That’s not an insult. The triple punch of side A of Sacred Ground is potent: “Signs” begins with a piano line that could take it into Brechtian whimsy a la The Dresden Dolls, but instead comes closest to hitting the sweet spot owned by The Acid. It’s something of a gambit, leading with the track that sounds most like a different project and there’s a strong sense of deja vu attendant to it’s stark beat and vocal. But ultimately it serves as a transition from one project to another. The baseline that opens “Stole the Night” immediately stresses the differences between the two projects. Sacred Ground is more of a dance floor record, and by “X Machina”’s The Hurting-era Tears For Fears synth intro, it’s clear that this Howling is a different animal entirely. “Short Line” would fit seamlessly into a playlist with Documentaly-era Sakanaction; “Quartz” is going to log mileage as a go-to, after-hours jam, as clubs wind down the night; “Forest” teases an almost 8-bit vibe, but mainly serves as a percussion showcase, and stays interesting throughout its almost 8-minute length. It’s a very, very danceable album without ever pandering to dance floor clichés.
Aside from two brief interludes of studio clicks and comments accompanying some synth washes, each less than a minute long, only “Zürich” deviates from the record’s overall danceability. Looped chimes and bird chirps over synth chords seem to be building toward something, but never quite resolve. Just as the track seems to crescendo it slowly fades, retreating as it accumulated, a palindromic oddity.

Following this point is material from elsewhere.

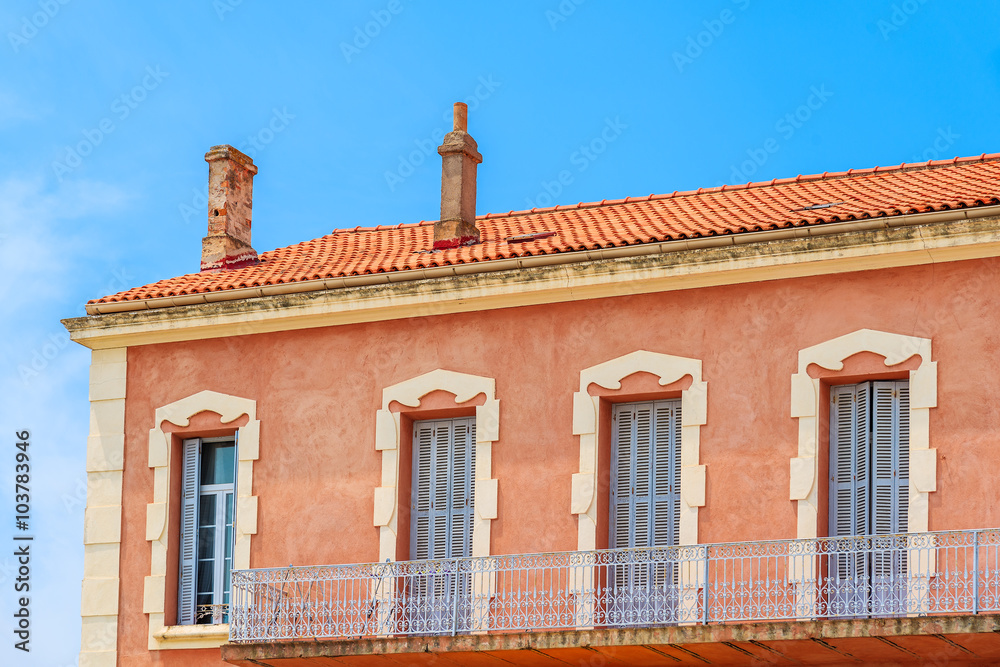 Facade of typical French house in Calvi port, Corsica island, France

Sacred Ground will absolutely satisfy fans of downtempo electronic music. RY X’s soulful vocals anchor the songs here just as they did on Liminal. If you loved The Acid, Howling should be an automatic purchase. If you loved “Fame” but found some of the other tracks – “Creeper” for example – too confrontational, this might just hit the spot. It lacks a single breakout track, but maintains a high level of hookiness and groove. Try Sacred Ground and see if you’re moved. If so, take the plunge.